The act also makes it illegal to serve children any tobacco products, alcohol, narcotic drugs, and psychotropic substances. The amendments make these offenses punishable by upto seven years in jail and a fine of upto one lakh rupees. The new law is the latest addition to many laws that govern tobacco products and their sale in India. Tobacco is one of the most regulated industries in the country, and promotion and advertisement of tobacco products is illegal. The strict laws make it harder for tobacco companies to access the market, putting them perpetually on the lookout for new ways to reach new customers. In this excerpt from her September 2014 story, Smokescreen, Nikita Saxena investigates how Marlboro, an international brand of cigarettes manufactured by the Philip Morris company, skirts the laws by leveraging a network of young smokers to promote their product, and offers these “brand ambassadors” considerable inducements to get their friends and peers to smoke with them.
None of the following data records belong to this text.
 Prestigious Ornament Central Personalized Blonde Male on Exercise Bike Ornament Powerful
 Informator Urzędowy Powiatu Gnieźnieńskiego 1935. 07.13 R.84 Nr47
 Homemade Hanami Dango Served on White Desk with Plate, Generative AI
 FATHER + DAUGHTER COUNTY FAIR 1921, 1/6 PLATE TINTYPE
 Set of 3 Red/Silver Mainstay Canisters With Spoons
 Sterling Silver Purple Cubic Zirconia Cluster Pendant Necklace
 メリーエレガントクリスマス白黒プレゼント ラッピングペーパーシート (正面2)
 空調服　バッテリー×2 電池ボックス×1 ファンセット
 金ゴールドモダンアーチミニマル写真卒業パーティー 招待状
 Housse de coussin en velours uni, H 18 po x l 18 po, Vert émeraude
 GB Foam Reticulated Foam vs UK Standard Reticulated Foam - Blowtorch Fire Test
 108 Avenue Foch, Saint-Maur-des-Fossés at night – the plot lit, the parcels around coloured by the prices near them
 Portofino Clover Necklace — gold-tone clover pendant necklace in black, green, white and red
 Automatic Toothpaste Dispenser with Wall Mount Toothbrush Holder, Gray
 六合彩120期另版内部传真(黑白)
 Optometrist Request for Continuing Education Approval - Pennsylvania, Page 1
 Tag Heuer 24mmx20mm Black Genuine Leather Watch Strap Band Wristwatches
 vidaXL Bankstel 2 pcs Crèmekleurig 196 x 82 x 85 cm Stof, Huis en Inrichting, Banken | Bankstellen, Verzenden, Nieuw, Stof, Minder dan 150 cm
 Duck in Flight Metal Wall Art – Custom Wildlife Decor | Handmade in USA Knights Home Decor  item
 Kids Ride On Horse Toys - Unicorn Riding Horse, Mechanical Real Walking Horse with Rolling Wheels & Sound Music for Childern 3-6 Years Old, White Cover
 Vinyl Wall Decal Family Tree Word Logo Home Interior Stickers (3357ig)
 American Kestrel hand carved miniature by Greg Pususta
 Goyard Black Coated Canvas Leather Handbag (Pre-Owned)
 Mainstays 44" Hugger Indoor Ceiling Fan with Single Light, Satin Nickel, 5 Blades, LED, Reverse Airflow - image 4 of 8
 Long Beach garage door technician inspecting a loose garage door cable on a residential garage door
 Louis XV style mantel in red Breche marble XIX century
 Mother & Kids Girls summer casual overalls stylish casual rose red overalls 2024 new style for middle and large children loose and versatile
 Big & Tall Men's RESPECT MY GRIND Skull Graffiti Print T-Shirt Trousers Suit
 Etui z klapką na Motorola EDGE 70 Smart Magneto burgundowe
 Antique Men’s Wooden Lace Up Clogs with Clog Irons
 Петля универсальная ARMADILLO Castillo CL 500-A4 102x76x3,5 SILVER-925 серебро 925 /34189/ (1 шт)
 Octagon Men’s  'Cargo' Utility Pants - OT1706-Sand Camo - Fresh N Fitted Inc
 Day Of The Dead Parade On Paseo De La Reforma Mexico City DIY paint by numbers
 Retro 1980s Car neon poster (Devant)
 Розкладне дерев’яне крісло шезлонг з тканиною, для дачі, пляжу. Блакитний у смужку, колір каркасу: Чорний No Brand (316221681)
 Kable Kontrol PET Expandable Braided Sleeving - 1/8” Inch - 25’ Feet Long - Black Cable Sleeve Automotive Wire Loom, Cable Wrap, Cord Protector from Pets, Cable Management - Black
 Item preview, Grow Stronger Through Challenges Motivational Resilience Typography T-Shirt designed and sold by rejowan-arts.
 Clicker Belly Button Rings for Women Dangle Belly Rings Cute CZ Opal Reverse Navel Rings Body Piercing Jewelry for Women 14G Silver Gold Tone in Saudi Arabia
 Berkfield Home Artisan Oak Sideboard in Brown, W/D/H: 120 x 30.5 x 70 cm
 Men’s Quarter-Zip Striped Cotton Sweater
Marlboro’s youth marketing programme, of which the connectors were a part, is something of an industry secret. It is little covered in the media, even though the workings of the brand and the entire tobacco industry are, at least notionally, open to public scrutiny. The Cigarette and Other Tobacco Products Act of 2003 is one of the most comprehensive laws ever enacted by the Indian government to check tobacco consumption. The COTPA prohibits smoking in public places, and the sale of tobacco products to minors; it also mandates, among other things, pictorial warnings on cigarette packs. Arguably its most formidable provision is Section 5, which prohibits almost all advertising or promotion of tobacco products.

Nikita Saxena is a contributing writer at The Caravan.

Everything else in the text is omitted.